By Janet Kohtz, FCOVD, NORA

Visual function is often overlooked as part of the rehabilitation effort with Parkinson’s disease. Vision leads the MOVEMENT of the body, an area affected by Parkinson’s. But vision is organized in conjunction with the postural process. A common dysfunction in the vision process is the inability of the peripheral visual process to match information with other somatosensory inputs (eg. kinesthetic, proprioceptive, and the vestibular processes) at the level of the midbrain. Postural control and the coordination of movement are necessary for the maintenance of balance and equilibrium. The correct visual/postural organization is critical for the full range of the visual skills, such as reading, driving, walking and shopping.

The peripheral visual process is preconscious and precedes central visual processing (So we see peripherally without thinking about it). When there is a dysfunction in the peripheral visual system, the central system becomes overstressed and isolational and there is a collapse in the balance between the peripheral and central visual systems. This is called the Post Traumatic Vision Syndrome, and this (PTVS) also causes stress via the autonomic nervous system, such as the shortening of breath, accommodative (focusing) spasms, and increased focalization (an over-attention to central vision). So PTVS is a term used to describe the spatial collapse of the visual process. This research was done initially on head injury patients. Then later it was realized that it included a wide variety of neurological disorders like Parkinson’s disease.

A reduction in the symptoms of Post Trauma Vision Syndrome can be achieved when the visual system comes into better balance.
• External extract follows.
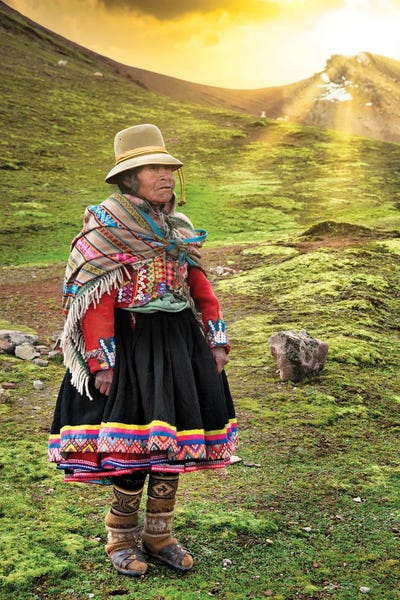 South American Culture: Quechua Old Woman by Philippe Hugonnard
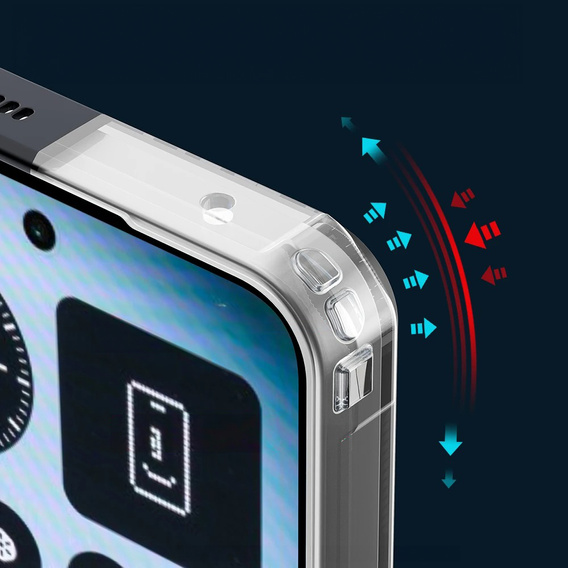 Pouzdro pro Nothing Phone 3 5G, AntiDrop Hybrid, černé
Remediation can be encouraged, under the direction of a Neuro Optometrist, through nasal occlusion (partial occlusion of the lenses close to the nose to open up peripheral awareness), base-in prism (prisms that compress central space and open up peripheral awareness), and the application of balancing prism lenses (base up, down, right, and left, to rebalance the postural structure of the body), and rehabilitation therapy. These tools provide structure for the support of the peripheral visual field, thereby rebalancing the bimodal (central/peripheral) visual process and supporting higher cognitive processing.

PTVS was picked up by Senators Kerry, Obama, and 2 others who wrote it into Senate Bill 1999, with the support of the Blind Veteran’s Organization and the Department of Defense, to develop a program of neuro-optometric rehabilitation for analysis and treatment of wounded warriors. PTVS is also in Congressman Boseman’s Bill 3558. Both Bills were attached to the Wounded Warrior’s Act and were passed.